When the system can’t trust itself to keep data safe, halting is frequently the safest thing it can do - in spite of the fact that that can corrupt open files.

So it happened again, and it looks like there were all sorts of btrfs filesystem errors that kept showing up in text.

That seems like a more likely cause - what sort of filesystem errors did you see reported?

I don’t remember exactly, just that they were btrfs filesystem errors. I wished that I could have somehow gone back to the GUI or press some sort of key combination to shut down the computer.

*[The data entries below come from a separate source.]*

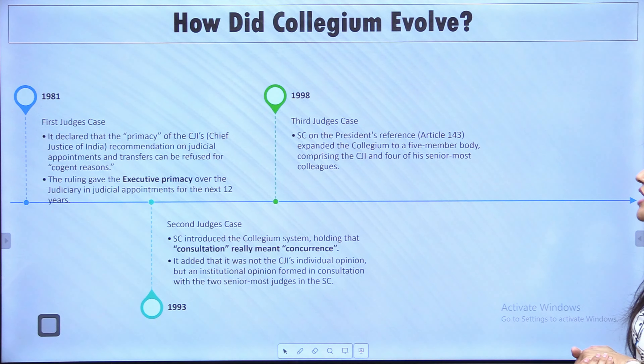Now we will see the collegium system. Judicial appointments are made through a collegium system, which consists of the Chief Justice of India and the four senior-most judges of the Supreme Court. When a Supreme Court judge is to be appointed, this committee — called the collegium — decides. Importantly, the collegium system is not mentioned in the Indian Constitution, but has been established through judicial pronouncements. Let's see how the collegium system evolved.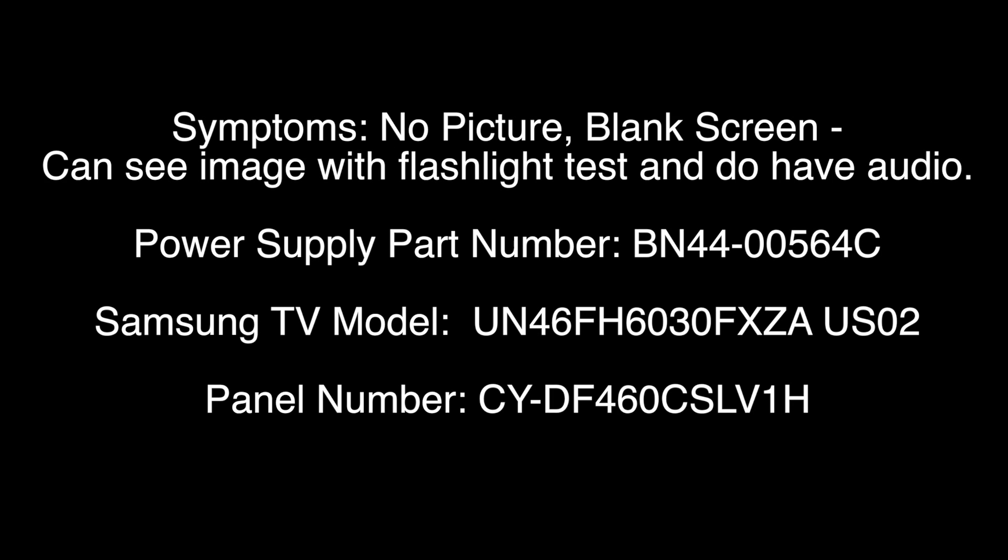In this video we will show how to troubleshoot if you have the symptoms of no image or a blank screen, but you can see an image on the screen with a flashlight and you do have audio.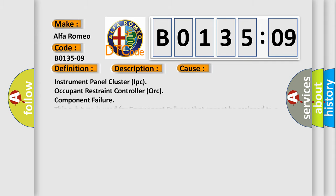This diagnostic error occurs most often in these cases: Instrument panel cluster IPC, occupant restraint controller ORC, component failure. This subtype is used for component failures that cannot be assigned to a specific subtype.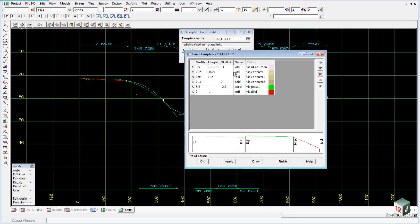At the bottom of the panel we have a diagram showing what the template looks like. So you can see we come from the center line out to the lip of the curb, through the curb and channel. Then we have a footpath and it drops away into a drain.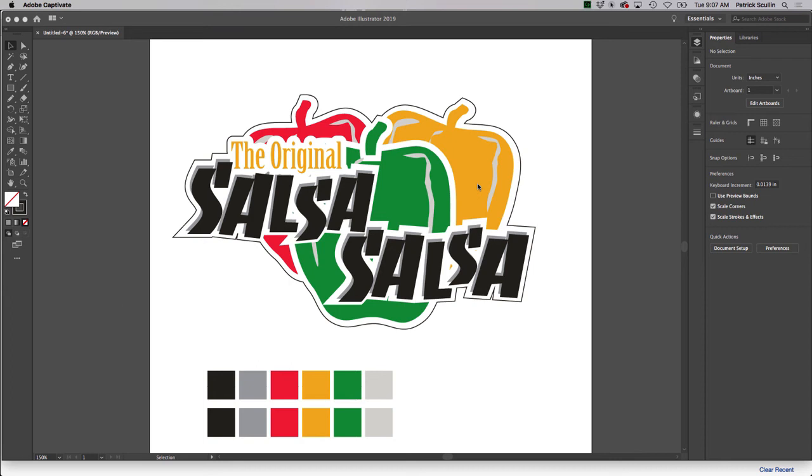Hi, everyone. Let's talk about printing spot colors and how to create spot color separations.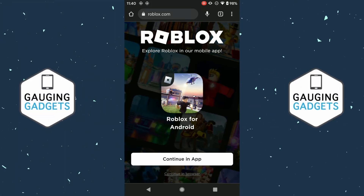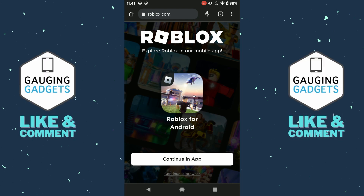Welcome to another Engaging Gadgets Roblox tutorial video. In this video I'm going to show you how to easily make a game pass on your Android phone so that you can start accepting donations in Please Donate. If this video helps you, please consider giving it a like and also subscribing to my channel, because that really helps me out.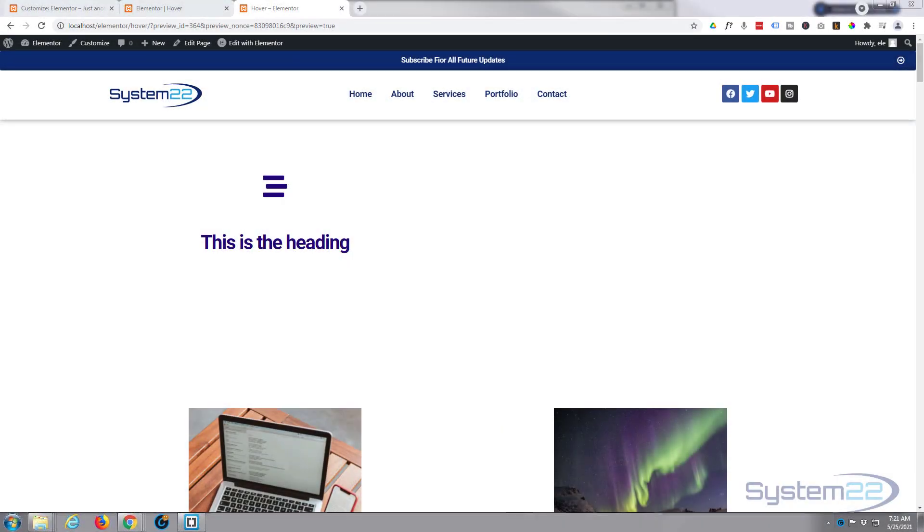Hi guys and welcome to another Elementor video, this is Jamie from System 22 and webdesignandtechtips.com. We've got a nice little simple hover effect for you today using the free version of Elementor. Of course, this will work with the pro version just as well.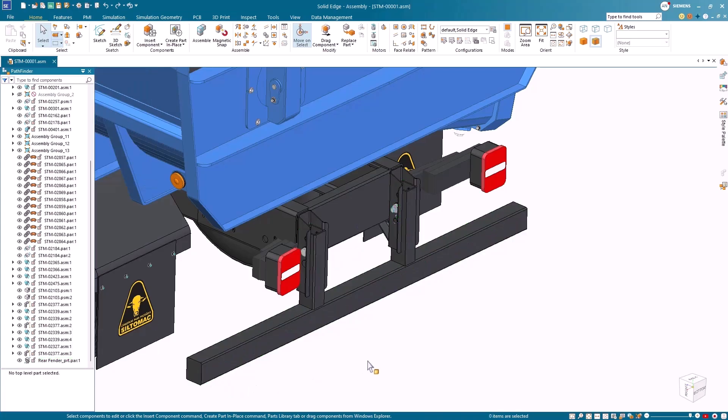Extend your design power anytime, anywhere, on any device with Design Center NXX Essentials and Design Center Solid Edge.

If you enable the Magic SysRq keys, you can sometimes more cleanly shut things down if the system has hung. Doesn’t always work, but it can.

You can try using smartctl to see if there are any drive errors reported, and use btrfsck (I’d boot from a live ISO for this) to check the filesystem integrity - I’d run it the first time without the options to fix errors, just use it to see what errors are reported.

If the issue happens again, do what you can to capture the messages - the more specific the messages are, the easier it’ll be for someone to help you.

@as-muncher So this is the external HDD attached to the laptop at the USB port with full-disk encryption? If so, could be overloading the USB port, is the external HDD in a powered enclosure and powered?

1 Like

@malcolmlewis The external HDD is just connected to USB port, not powered externally.

@hendersj It would be nice if I could set some sort of flag, or if gparted or Disks, when trying to do a scan on a running system, would scan the drive for errors on the next boot, changing the init script to do that.

You could always boot from rescue media or live media and run a filesystem check manually, rather than waiting for the next boot and trying to automate it for boot time.

@as-muncher then I would suggest you look at powering the enclosure especially with a HDD…

1 Like

I think it’s not serious, just because if it was a power issue, then I would hear the drive chunking, starting and stopping. It’s not a power issue.

and there’s no option to boot in safe mode at the boot screen eh?

I’d still check the power specs for the HDD, USB are generally 500mA, if having issues the port will power off or blow up… filesystem corruption…

I usually have it plugged into a powered 5port hub and I’m mindful of the electricity current drain and the specs of the hub.

@as-muncher Ahh then it is powered via an external source not the laptop… I’d be looking at the hub then, power the device and plug direct to the laptop to ensure all is ok.

I’m pretty sure it’s not a power issue. I think what may be the cause is that I have on a couple of occasions, held down the power button in xfce because it would not power off immediately. I guess the settings have to be set for Gnome, KDE, and xfce for what to do with the power buttons? That could possibly be it. I don’t know. I haven’t had an issue since, with the system powering off due to btrfs filesystem errors.

Those filesystem issues can certainly be caused by insufficient power.

I’d have a look at dmesg while the system is running and see what it’s reporting. My guess is that it’s probably going to be telling you a lot is happening specifically with that drive.

Storage devices are pretty sensitive to not having enough power, and faulty power regulator or just insufficient power being provided are a great way to end up with a completely corrupted drive.

And an external hub can certainly develop power issues. I used to have one that absolutely fried a USB Yubikey that had previously worked just fine in it.

This topic was automatically closed 30 days after the last reply. New replies are no longer allowed.